Looking at simple ML approaches to daily equity data from quandl.
(https://www.quandl.com/data/WIKI/documentation/bulk-download)
Initial focus is on a single name model. That is, the feature space only has one equity in it at a time.
First, let's get some data & see what it looks like.
In [6]:
# imports
import pandas as pd
import numpy as np
from scipy import stats
import sklearn
from sklearn import preprocessing as pp
import matplotlib as mpl
import matplotlib.pyplot as plt
from matplotlib import interactive
import sys
import tensorflow as tf
import time
import os
import os.path
import pickle
import logging as log
log.basicConfig(level=log.DEBUG)
# load simple trading simulator
import sim
In [7]:
# obviously change this to where you downloaded file
dlfile = '~/WIKI-eod/WIKI_20161106.csv'
daily = pd.read_csv(dlfile,header=0)
log.info('Read #%d records',len(daily.index));
daily.columns = ['Sym', 'Date', 'Open','High','Low','Close',
'Volume','ExDiv','SplitRatio','AdjOpen',
'AdjHigh','AdjLow','AdjClose','AdjVolume']
In [8]:
daily.head()
Out[8]:
In [9]:
daily.shape
Out[9]:
In [10]:
# We don't care about the dividends or splits - just the adjusted values
# discard non-adjusted values, index & rename
u = daily.ix[:,[0,1,9,10,11,12,13]]
u.set_index('Date', inplace=True)
u.columns = ['Sym', 'Open','High','Low','Close','Volume']
# get rid of oldest data
u = u[u.index > '2000-01-01']
daily = None # GC, please
u.describe()
Out[10]:
In [11]:
#how many names?
len(u.Sym.unique())
Out[11]:
Data is free and dirty.
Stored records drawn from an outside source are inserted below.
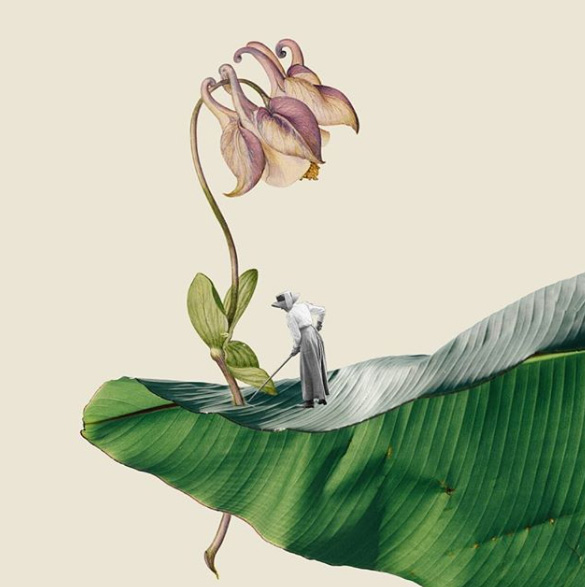 Patricia Mastroberti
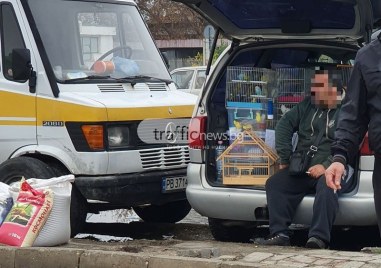 Мъж от Карлово получи присъда заради противозаконно държане на екземпляри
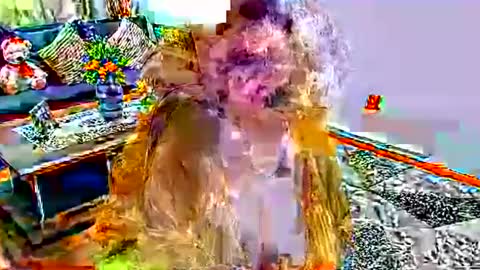 noraj66 online show from 03-23-26, 01:59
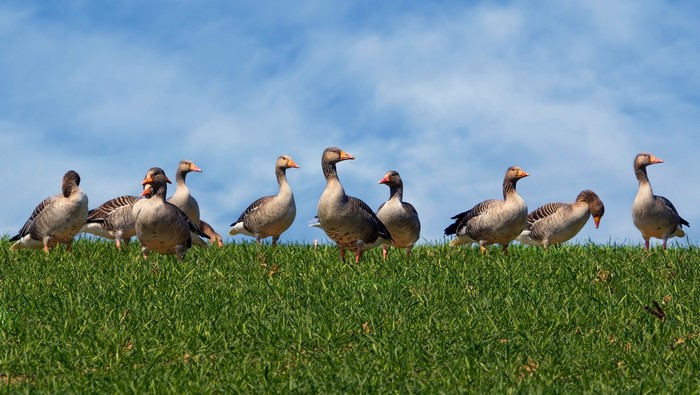 A flock of geese on a grassy hill under a blue sky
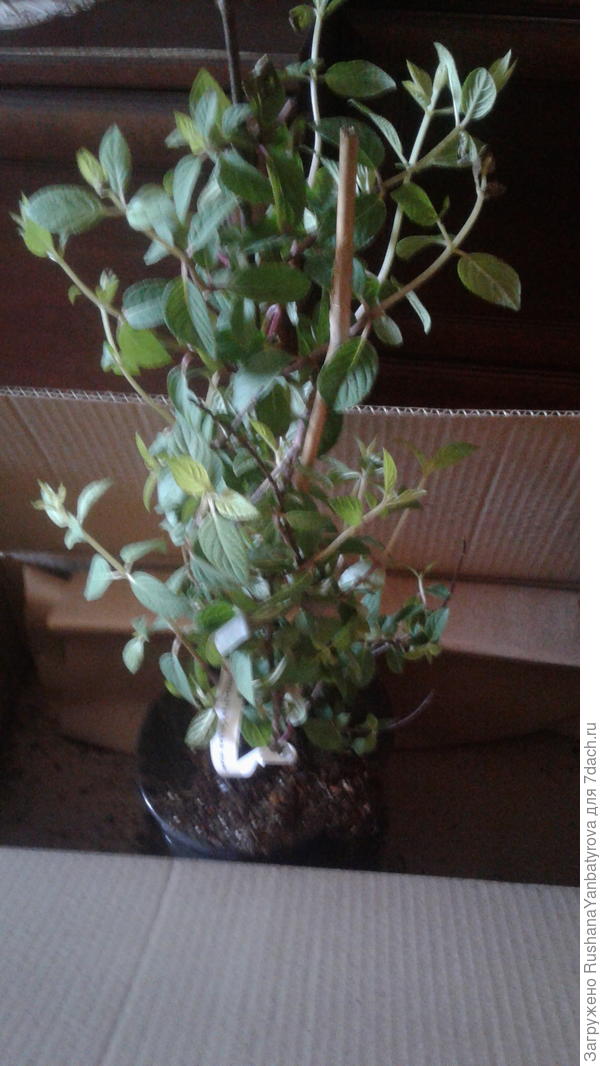 Первое фото после вскрытия посылки.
Let's clean it up and get rid of low liquidity symbols.
In [32]:
# calculate daily $ volume and break
addvs = u.groupby('Sym').apply( lambda x : (x.Volume * x.Close).median())
addvs.sort_values()
np.percentile(addvs, [50, 75,90] )
addvs.hist()
Out[32]:
In [13]:
# let's get rid of items less than $10m/day
goners = addvs[addvs < 1e7]
u = u[ np.logical_not(u.Sym.isin(goners.index))]
#how many names?
len(u.Sym.unique())
Out[13]:
In [14]:
len(goners)
Out[14]:
So, far we've cut away at our data pretty severely: by date and liquidity, reducing the number of names from over 3182 to 1185. We may want to swing back and use some of the discarded data for training purposes later...
In [15]:
bysz = u.groupby('Sym').size()
bysz.head()
bysz.sort_values(inplace=True)
#bysz.quantiles([.25,.5,.75])
np.percentile(bysz,[25,50,75])
#bysz.tail()
Out[15]:
In [16]:
u.describe()
Out[16]:
In [17]:
# let's replace zeros for nans so we can ffill them
u.replace(0,np.nan, inplace=True)
u.replace([np.inf, -np.inf], np.nan,inplace=True)
u.describe()
Out[17]:
In [18]:
# need to examine our nans...
badz = u[u.isnull().any(axis=1)]
badz.describe()
badcount = badz.groupby('Sym').size()
np.sort(badcount)
#np.percentile(badcount,[25,50,75])
Out[18]:
In [19]:
# get rid of anyone missing more than 100 observations
goners = badcount[badcount>100].index
u = u[ np.logical_not(u.Sym.isin(goners))]
len(u.Sym.unique())
Out[19]:
The following gives us a uniform set of names that continue trading up until today and have been trading since 2000-01-01. This is a mixed blessing as it allows us to create a 'square' dataset with known tradable instruments but also gets rid of a lot of good data, eliminates newer names and introduces survivorship bias...
it's also slow...
all of that said, we're going to do it so we know we have a complete and tradable dataset. We can revisit this as we get deeper into strategy development as needed.
In [20]:
Z = u.groupby('Sym').filter( lambda x: x.index.min() == u.index.min() and x.index.max() == u.index.max())
Z.shape
Out[20]:
Ok, we have a mostly usable dataset. Let's calculate some values, take a quick look at the data and see if we can run it in the simulator.
In [21]:
# let's verify that we can use z in our sim environment
# fill in missing data
Z = sim.squarem(Z)
# create a universe suitable for simulation
Ubig = sim.prep_univ( Z.index, Z.Sym, Z.Open, Z.High, Z.Low, Z.Close, Z.Volume, Z.Sym)
Ubig.shape
Out[21]:
In [22]:
Ubig.describe()
Out[22]:
Let's look at some of the names in the universe.
In [23]:
S = Ubig[Ubig.Sym=='CCK'].Close
type(S)
S.plot(legend=True)
#Ubig[Ubig.Sym=='AAPL'].Close.plot()
#Ubig[Ubig.Sym=='TDW'].Close.plot()
#plt.legend()
Out[23]:
Let's run a simple hold-the-universe-in-equal-weight strategy just to see that it looks sensible-ish.
In [24]:
# run simulation, capturing balances and discarding trading activity details
# the default strategy simply buys the universe in equal weight and re-weights daily
_,B = sim.sim(Ubig)
# plot NAV
B.NAV.plot()
Out[24]:
Apparently indexing works. Now that we've munged the data sufficiently, let's store the Universe for future use.
In [25]:
pickle.dump(Ubig, open( 'U.pkl', "wb"))
log.info('Wrote U.pkl')
len(Ubig.Sym.unique())
Out[25]:
OK, let's look at a few baseline strategies before we see if we can improve any of them with ML.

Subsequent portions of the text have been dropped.